103. Applicability of advance ruling.— (1) The advance ruling pronounced by the Authority or the Appellate Authority under this Chapter shall be binding only—
(a) on the applicant who had sought it in respect of any matter referred to in subsection (2) of section 97 for advance ruling;
(b) on the concerned officer or the jurisdictional officer in respect of the applicant.
(2) The advance ruling referred to in subsection (1) shall be binding unless the law, facts or circumstances supporting the original advance ruling have changed.”
9.2 Section 103 binds only the applicant and the concerned officer or the jurisdictional officer to the advance ruling pronounced by the Authority or the Appellate Authority. A plain reading of Section 103 makes it clear that the ruling pronounced is binding only on the applicant and the concerned authority. Having regard to the scope and ambit of Chapter XVII dealing with advance rulings, there is no scope to bind third parties. Similarly, there is no scope for a challenge at the instance of any person other than the applicant or the concerned officer, irrespective of the consequences flowing from such ruling.
9.3 Such consequences may include an additional financial liability or even an alteration in the contractual obligations between the parties. In view of the specific language employed in Section 103, the advance ruling is effective and binding only in relation to the parties, facts and law as stated in the application and considered while rendering the advance ruling. Having regard to the legislative intent and the scope of the provisions, this Court does not find any scope for a third party either to claim the benefit of such ruling or to question the same.

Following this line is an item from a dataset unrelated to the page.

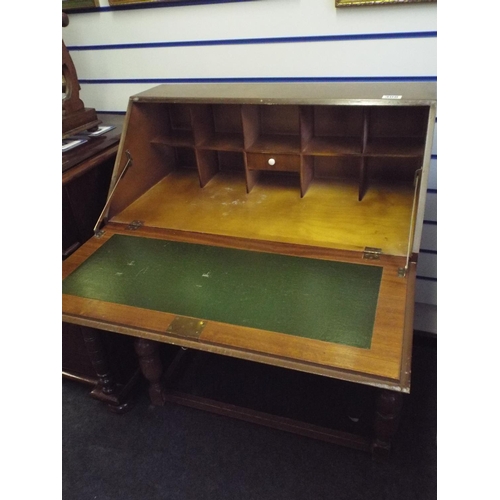 308 - 1950's Era Bureau with two drawers under, turned legs.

9.4 Any financial implication arising by way of increased liability pursuant to an advance ruling is merely a consequence flowing from such ruling in the light of the contractual obligations between the parties. Chapter XVII has a definite and limited purpose, namely, to determine the liability under the Act in respect of a transaction proposed to be undertaken or already being undertaken. When the scheme of the entire Chapter confines the binding effect only to the applicant and the concerned officer, no independent grievance can be said to arise in favour of a third party.

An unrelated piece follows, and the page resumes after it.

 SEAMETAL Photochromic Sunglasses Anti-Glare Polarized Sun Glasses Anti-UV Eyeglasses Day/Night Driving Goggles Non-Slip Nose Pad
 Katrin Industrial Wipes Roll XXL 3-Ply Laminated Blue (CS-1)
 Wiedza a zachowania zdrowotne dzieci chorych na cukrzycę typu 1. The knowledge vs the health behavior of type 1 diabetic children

9.5 Having regard to the scheme of Chapter XVII, an advance ruling does not bind a third party, and such third party would nevertheless be entitled to agitate its rights or claims in accordance with the terms of the contract. The general principle that an aggrieved person is one who suffers adverse consequences by reason of a decision cannot be mechanically applied to pronouncements rendered under Chapter XVII of the Act. The expression “aggrieved person”, as understood in common parlance or under other enactments enabling a challenge to an order, cannot be imported into proceedings under Chapter XVII of the Act.
9.6 The ruling has not altered the rate of GST agreed upon between the petitioner and respondent No.4. When the rate of GST applicable or reimbursable has not been agreed upon between the parties, it cannot be said that the ruling has imposed any civil consequences on the petitioner. The ruling does not have the effect of altering the agreed contractual terms.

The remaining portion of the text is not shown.